**WORK INSTRUCTIONS**
From the first line through the one containing "Хэтчбек Volkswagen Golf 2009 в Косове", restate the listing word for word, and give no other lines.

**EXTRACTED MATERIAL**
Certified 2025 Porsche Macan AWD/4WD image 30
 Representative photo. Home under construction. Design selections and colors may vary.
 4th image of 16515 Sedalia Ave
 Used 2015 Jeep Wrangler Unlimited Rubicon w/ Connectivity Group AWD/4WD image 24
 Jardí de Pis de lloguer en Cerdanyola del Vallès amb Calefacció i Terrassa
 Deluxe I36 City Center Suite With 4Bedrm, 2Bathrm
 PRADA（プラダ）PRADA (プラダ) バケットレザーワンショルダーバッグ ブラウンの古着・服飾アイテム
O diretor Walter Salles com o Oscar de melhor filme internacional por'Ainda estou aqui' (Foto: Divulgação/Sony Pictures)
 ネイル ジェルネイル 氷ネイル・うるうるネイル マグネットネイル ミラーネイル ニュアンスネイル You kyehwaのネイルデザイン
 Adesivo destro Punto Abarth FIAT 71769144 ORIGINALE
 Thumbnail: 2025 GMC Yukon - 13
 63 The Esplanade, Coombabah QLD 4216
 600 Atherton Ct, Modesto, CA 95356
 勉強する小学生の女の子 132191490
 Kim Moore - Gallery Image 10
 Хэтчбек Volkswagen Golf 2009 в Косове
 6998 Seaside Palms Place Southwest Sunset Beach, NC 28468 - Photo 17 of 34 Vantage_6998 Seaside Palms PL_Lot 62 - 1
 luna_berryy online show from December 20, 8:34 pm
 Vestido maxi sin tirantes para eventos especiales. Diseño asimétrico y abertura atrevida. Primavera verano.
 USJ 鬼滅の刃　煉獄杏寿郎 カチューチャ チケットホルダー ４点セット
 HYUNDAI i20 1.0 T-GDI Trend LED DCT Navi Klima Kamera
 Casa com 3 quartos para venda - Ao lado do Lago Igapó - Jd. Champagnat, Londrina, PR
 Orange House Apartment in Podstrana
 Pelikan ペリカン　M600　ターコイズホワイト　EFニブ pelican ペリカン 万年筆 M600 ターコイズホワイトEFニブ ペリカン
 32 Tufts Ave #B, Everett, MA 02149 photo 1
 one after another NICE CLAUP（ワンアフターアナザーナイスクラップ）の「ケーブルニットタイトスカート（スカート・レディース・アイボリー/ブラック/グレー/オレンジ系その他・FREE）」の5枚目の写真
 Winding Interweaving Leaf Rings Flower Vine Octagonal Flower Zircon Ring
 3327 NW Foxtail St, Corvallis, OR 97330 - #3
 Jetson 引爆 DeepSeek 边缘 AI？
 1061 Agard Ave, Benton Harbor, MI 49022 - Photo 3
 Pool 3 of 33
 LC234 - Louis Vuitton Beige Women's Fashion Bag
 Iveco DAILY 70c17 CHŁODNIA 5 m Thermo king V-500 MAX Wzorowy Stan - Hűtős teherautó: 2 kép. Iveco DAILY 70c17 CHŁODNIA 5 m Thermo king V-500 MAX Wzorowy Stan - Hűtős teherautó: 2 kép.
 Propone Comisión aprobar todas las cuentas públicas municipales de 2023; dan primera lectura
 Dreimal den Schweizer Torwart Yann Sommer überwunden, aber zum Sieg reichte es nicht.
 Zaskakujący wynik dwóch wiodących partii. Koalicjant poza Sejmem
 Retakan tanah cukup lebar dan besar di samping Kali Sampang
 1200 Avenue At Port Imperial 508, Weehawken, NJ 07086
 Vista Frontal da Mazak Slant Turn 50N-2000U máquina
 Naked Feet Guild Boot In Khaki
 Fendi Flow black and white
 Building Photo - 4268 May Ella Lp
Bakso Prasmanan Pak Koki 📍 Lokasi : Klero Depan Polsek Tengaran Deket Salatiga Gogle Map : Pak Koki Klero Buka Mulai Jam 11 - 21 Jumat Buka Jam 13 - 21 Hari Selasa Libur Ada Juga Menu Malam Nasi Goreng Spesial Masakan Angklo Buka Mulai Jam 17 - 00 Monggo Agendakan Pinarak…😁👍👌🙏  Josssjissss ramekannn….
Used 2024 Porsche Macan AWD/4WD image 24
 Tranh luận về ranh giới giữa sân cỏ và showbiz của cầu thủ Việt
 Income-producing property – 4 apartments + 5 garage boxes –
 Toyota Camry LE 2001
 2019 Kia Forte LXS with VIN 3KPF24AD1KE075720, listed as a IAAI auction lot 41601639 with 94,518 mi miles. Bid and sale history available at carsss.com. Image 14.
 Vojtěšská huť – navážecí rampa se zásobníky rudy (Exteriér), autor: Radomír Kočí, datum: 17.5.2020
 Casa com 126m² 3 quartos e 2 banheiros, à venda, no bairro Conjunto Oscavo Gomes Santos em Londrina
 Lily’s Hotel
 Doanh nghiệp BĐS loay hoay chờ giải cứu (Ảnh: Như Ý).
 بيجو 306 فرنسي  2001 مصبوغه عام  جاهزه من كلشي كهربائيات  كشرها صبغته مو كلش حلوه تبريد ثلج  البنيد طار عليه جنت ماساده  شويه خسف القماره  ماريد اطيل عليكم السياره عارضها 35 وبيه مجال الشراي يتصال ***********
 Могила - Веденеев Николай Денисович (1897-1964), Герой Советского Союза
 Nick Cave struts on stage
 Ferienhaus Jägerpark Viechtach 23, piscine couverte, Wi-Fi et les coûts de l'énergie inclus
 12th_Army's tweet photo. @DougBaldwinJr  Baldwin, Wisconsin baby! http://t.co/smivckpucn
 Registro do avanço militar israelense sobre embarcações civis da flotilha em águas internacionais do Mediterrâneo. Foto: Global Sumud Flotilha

**WORKED SOLUTION**
Certified 2025 Porsche Macan AWD/4WD image 30
 Representative photo. Home under construction. Design selections and colors may vary.
 4th image of 16515 Sedalia Ave
 Used 2015 Jeep Wrangler Unlimited Rubicon w/ Connectivity Group AWD/4WD image 24
 Jardí de Pis de lloguer en Cerdanyola del Vallès amb Calefacció i Terrassa
 Deluxe I36 City Center Suite With 4Bedrm, 2Bathrm
 PRADA（プラダ）PRADA (プラダ) バケットレザーワンショルダーバッグ ブラウンの古着・服飾アイテム
O diretor Walter Salles com o Oscar de melhor filme internacional por'Ainda estou aqui' (Foto: Divulgação/Sony Pictures)
 ネイル ジェルネイル 氷ネイル・うるうるネイル マグネットネイル ミラーネイル ニュアンスネイル You kyehwaのネイルデザイン
 Adesivo destro Punto Abarth FIAT 71769144 ORIGINALE
 Thumbnail: 2025 GMC Yukon - 13
 63 The Esplanade, Coombabah QLD 4216
 600 Atherton Ct, Modesto, CA 95356
 勉強する小学生の女の子 132191490
 Kim Moore - Gallery Image 10
 Хэтчбек Volkswagen Golf 2009 в Косове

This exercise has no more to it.